DC: And it is interesting that risk-taking behavior is both what they need to do to be successful, and it’s also one of the behaviors they have to model in order to fulfill their role in the organization.

HG: That’s exactly right. Now let me give you an example of where HR folks tend to fall into a trap. Let’s say there is an issue between two people. One person sees himself as being the victim, and usually you would think that somebody is doing it to them so that other person is the persecutor. Usually, the third person in the play is the rescuer.

In dysfunctional conflict resolution, what happens is that the person who feels victimized goes to a third party, who may be the boss. The boss may then go and have a conversation with the persecutor, and suddenly all the roles get changed. Now instead of it being a business issue between two people, it becomes a trust issue, and the person whom the boss talked to feels like they are being victimized.

Where HR comes in is that many times someone will go to HR to complain. HR does not necessarily hold the individual accountable to handle the issue. So under the guise of confidentiality or wanting to provide a good ear or a shoulder to lean on, HR may be inadvertently sabotaging conflict resolution in that they do not press and coach the individual to handle the initial presenting issue.

Many times you will see HR people fall into that trap under the guise called “I want people to feel comfortable to come and see me.” That is the provocative area and gets right to the core of what does an HR person see as their accountability.

DC: It is very natural when somebody comes to you for help to want to be able to rescue them as opposed to saying, “Ok now I have listened to you, go back and solve it.”

HG: Yes, you need to say, “OK now given this situation, what options have you considered? What would you see as the next step? What would closure look like?” What you are now doing is starting to move from good listener to playing coach, to move that person to action. When that does not happen then the problem is that the HR person falls in the trap of being the internal social worker and they are not getting paid to do that. They are paid to move the enterprise ahead.
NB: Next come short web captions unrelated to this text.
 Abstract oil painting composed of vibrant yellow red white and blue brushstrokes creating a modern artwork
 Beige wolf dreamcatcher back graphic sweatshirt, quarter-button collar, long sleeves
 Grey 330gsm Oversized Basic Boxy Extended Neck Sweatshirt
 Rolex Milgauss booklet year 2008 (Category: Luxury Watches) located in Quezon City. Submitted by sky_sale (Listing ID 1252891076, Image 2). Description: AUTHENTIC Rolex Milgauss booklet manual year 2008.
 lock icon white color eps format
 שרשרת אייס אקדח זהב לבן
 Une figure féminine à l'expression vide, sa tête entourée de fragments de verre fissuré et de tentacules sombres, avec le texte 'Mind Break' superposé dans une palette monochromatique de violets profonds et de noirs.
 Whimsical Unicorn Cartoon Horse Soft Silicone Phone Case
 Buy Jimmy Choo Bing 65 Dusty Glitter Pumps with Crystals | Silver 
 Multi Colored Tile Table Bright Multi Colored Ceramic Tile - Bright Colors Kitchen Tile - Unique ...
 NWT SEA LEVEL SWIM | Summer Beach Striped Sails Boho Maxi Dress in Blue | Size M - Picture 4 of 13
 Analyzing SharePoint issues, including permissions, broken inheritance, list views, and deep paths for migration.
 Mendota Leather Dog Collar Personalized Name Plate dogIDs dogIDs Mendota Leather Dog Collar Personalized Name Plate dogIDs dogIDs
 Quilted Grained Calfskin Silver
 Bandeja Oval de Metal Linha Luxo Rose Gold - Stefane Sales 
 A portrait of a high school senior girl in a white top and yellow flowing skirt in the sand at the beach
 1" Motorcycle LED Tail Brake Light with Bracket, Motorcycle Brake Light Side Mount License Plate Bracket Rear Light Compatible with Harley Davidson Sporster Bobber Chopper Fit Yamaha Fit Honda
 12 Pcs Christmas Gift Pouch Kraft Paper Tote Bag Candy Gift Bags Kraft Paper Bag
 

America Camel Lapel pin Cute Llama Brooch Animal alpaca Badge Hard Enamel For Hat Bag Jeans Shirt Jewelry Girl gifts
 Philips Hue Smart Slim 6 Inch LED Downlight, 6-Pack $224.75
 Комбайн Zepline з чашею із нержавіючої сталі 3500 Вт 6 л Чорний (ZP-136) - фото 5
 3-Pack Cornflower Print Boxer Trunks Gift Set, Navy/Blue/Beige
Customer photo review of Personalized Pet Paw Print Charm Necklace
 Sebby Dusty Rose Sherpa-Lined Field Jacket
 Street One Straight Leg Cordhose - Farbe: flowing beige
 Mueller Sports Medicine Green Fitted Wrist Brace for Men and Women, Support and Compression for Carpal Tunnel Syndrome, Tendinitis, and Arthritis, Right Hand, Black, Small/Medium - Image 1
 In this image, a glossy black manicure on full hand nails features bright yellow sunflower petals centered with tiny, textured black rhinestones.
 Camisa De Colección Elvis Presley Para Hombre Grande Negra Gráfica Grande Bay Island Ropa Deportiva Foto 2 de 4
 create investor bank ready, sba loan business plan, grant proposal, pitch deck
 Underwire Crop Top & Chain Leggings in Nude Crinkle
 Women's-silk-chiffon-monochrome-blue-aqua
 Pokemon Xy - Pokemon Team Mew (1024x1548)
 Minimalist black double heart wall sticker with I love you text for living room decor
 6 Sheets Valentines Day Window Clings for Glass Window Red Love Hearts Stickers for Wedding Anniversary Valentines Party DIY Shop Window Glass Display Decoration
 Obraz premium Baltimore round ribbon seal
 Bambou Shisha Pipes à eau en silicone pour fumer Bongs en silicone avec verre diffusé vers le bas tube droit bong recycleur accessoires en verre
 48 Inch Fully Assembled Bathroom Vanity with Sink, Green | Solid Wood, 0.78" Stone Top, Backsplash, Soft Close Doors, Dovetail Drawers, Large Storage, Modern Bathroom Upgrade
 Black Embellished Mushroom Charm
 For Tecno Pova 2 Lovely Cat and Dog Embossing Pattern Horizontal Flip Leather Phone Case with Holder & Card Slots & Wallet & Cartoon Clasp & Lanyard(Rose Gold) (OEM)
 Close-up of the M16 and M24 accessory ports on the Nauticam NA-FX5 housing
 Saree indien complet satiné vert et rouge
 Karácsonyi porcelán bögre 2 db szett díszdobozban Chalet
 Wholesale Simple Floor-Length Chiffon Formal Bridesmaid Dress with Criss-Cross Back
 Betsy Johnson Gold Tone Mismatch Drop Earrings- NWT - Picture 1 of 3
Part of being the custodian of team alignment is that we have to define what alignment looks like. There are five factors that really determine alignment:

 

• Strategy

• Goals / business priorities / focus

• Individual roles / accountabilities

• Protocols / rules of engagement

• Business relationships / mutual expectations

 

When you think about your department or you think of the company, it’s these five factors that really determine alignment. They also represent the core reason why conflicts emerge in an organization. If you and I do not agree on the strategy, or our priorities, David, we will inadvertently compete for resources. If we don't agree on accountabilities, I am going to have an expectation you are going to do something, but you don’t see this as your job.

Let me define protocols / rules of engagement. These are not values, these are not things like ’respect one another’ or ‘value diversity.’ Rules of engagement would be when issues come up, how do we escalate them? How do we force closure? When are decisions made? When are they consultative? When are they unilateral?

And then finally with the business relationships, this is where we are interdependent or not. So when you think about an aligned team or an aligned organization, these five factors ultimately lie at the very bedrock of trying to create sustainability with the senior executive team.

DC: And based on what I have seen in your book, the whole business of rules of engagement is avery rich area for HR people to become familiar with.

HG: Yes, you are right, and what’s interesting if you look at this model is if you think about the role of HR people as process keepers, most companies inevitably expend most of their energy at the top of this house. They think that if we focus on the strategy, which obviously you have to, and we can get tighter around the business priorities, then ultimately things should work out. The issue of rules of engagement is like a phantom zone or a twilight zone, because the problem is that if you don't have rules of engagement regarding conflict resolution or decision making or interdependencies, etc., then people just make up their own rules and it’s impossible to create functional sustainability within the organization.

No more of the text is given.